Today the descendants of the expelled tribes live primarily on two reservations: the Nebraska location and the Crow Creek Reservation in South Dakota. Buffalo County, home to Crow Creek, is the poorest county in the United States, with a per capita income of $5,213. Unemployment stands at 57 percent and many homes lack plumbing and kitchen facilities.

The Santee Dakota Reservation in northeastern Nebraska – established in 1866 by Dakotas fleeing Crow Creek for more favorable living conditions – also ranks among the most impoverished communities in the United States. The Dakota who live on tribal lands in Minnesota are largely descended from “friendlies” – a small group of Dakota families who, following the U.S.-Dakota war, were deemed non-threatening and allowed to return. They established four tiny reservations that represent an infinitesimal fraction of their former Minnesota land base.

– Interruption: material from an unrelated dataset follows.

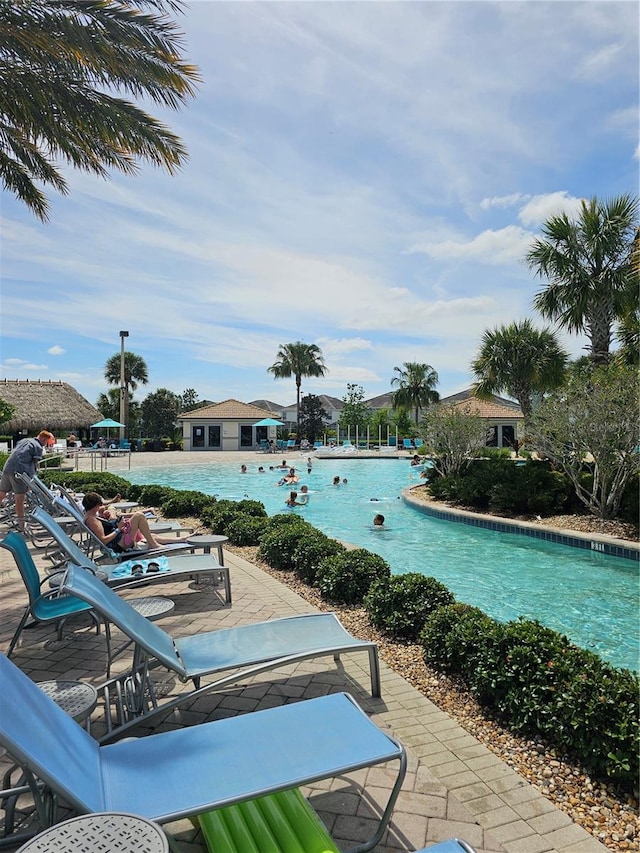 view of swimming pool with a patio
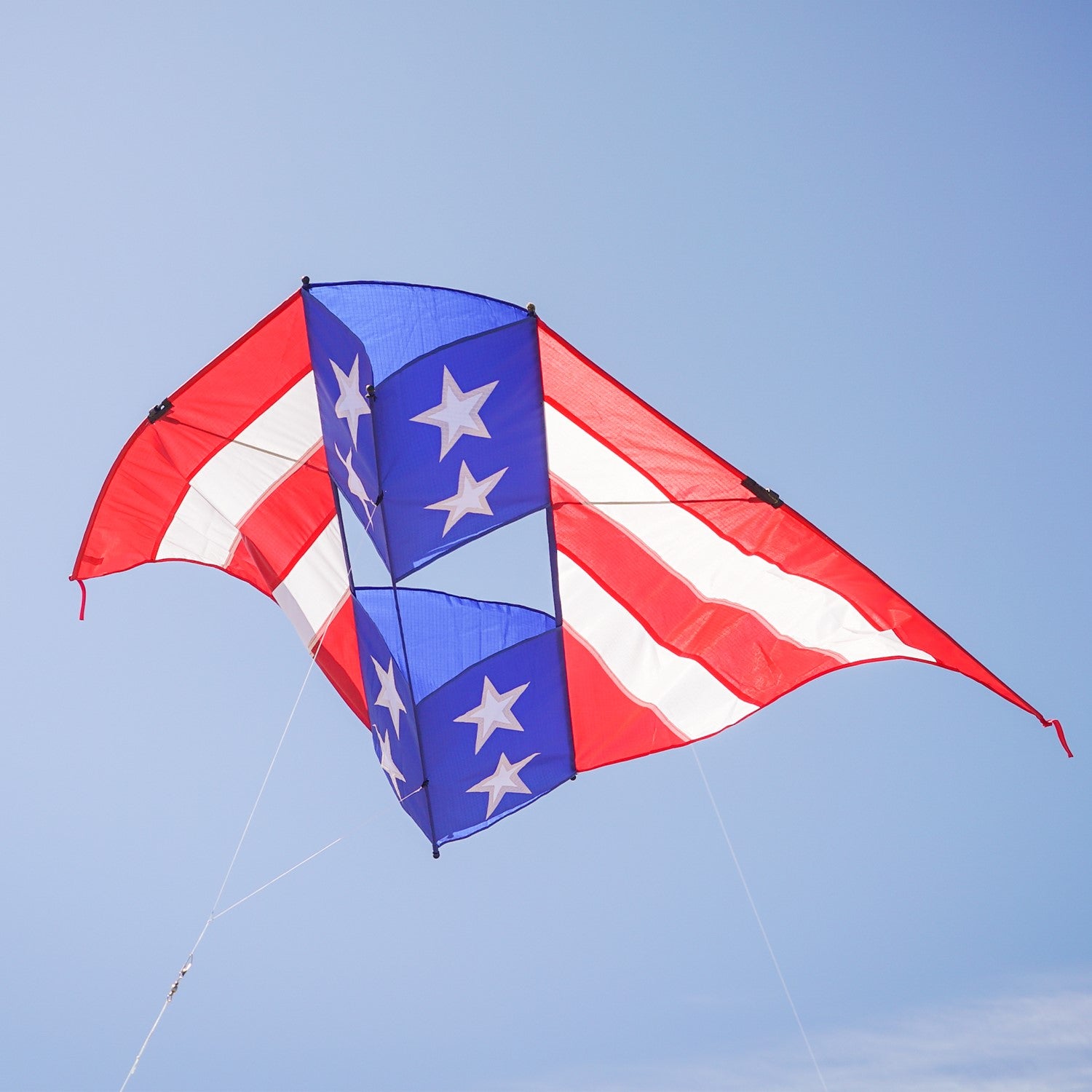 Patriot 6' Conyne Delta Kite soaring in the sky, showcasing vibrant red, white, and blue colors, perfect for family fun and outdoor celebrations.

Compared to any other ethnic group in Minnesota, Dakota people experience shorter life spans, higher rates of infant mortality, higher incidences of diabetes, heart disease and cancer, and poorer general health. They also grapple with skyrocketing suicides. The suicide rate among American Indians in Minnesota is two to three times higher than any other ethnic group. Among American Indians in Minnesota ages 15–34, suicide is the second-leading cause of death. Suicide rates for American Indian youth between the ages of 10–15 are four times higher than those for all other races combined in this age group.Poverty and poor health are not the typical state of affairs for the Dakota. Prior to exile, they thrived in Minnesota, having developed a way of life based on a sophisticated understanding of the rich natural world around them.

They were canoe builders, farmers, healers, hunters and gatherers whose prosperity allowed them to develop a complex and enduring spiritual worldview, and a comfortable lifestyle that carried them through the long, harsh Minnesota winters.

Thomas believes that the only way for the Dakota to regain their former status as a prosperous, powerful and healthy nation is for his people to embrace their traditional culture. To that end he works with tribal elders on the Santee Reservation crafting a Dakota immersion curriculum with the hope that young tribal members will once again grow up speaking their native tongue.

Because the language evolved along the lakes and rivers of Minnesota, Thomas says it’s crucial to revitalization efforts that Dakota youth reestablish strong ties to their ancestral home. “Our language is almost gone,” he says. “It is fading away. Our ceremonies are being slashed, generation to generation. Some ceremonies are completely lost.”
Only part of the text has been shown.